Lydia Loveless' music career was as inevitable as sunrise and sunset. Born and raised into a musical family in tiny Coshocton, Ohio, Loveless was playing bass with her sisters in a band called Carson Drew at 13, experienced the big city scene after a move to Columbus at 14 and began concentrating on a solo career at 15. She was just 17 when she began work on her debut album, the slick and sometimes clinically country "The Only Man," which was finally released last year to generally positive and well deserved reviews.
The most immediate effect of "The Only Man" was that Loveless wanted her next album to reflect the gritty and visceral sound of her and her band in the live setting. As such, "Indestructible Machine," Loveless' sophomore album and debut for Bloodshot, finds her exploring her twang/punk range and depth with a raw intensity and without relying on studio spitshine.
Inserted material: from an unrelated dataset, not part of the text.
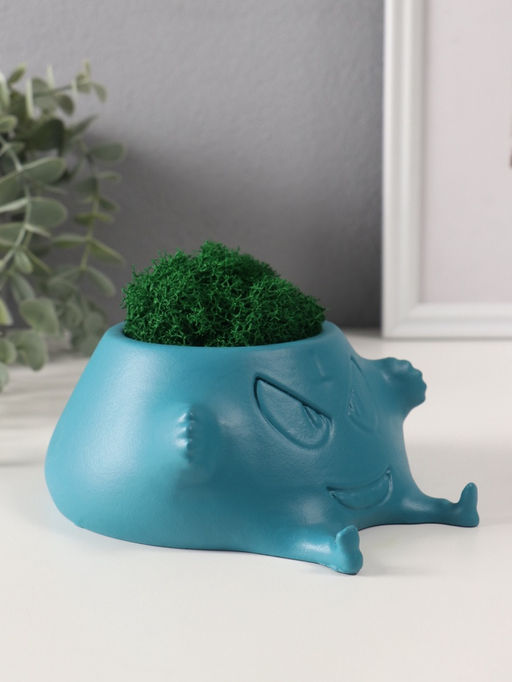Стабилизированный мох в кашпо из бетона «Злобный смех», 15.5×12.5×6 см, голубой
On Can't Change Me, she displays the debt she owes and handily repays to classic country outlaws like Waylon Jennings and Hank Williams Sr. as well as contemporary rock icons like The Clash, while Bad Way to Go has the steaming, stomping energy of Neko Case fronting the Old 97s.
The album's highest profile track is clearly Steve Earle, a humorously swaggering account only tangentially related to the singer/songwriter (it's an ode to the self-described "Steve Earle of Columbus"), but it's sandwiched by perhaps the two best tracks - the double clutched belly-up-to-the-altar electric hymnal of Jesus Was a Wino and the gorgeous melancholy cantina swing and sway of Learn to Say No.
"Indestructible Machine" is an amazing evolutionary step forward for Lydia Loveless, an elemental evocation of the country and the rock that are the foundation of her musical upbringing.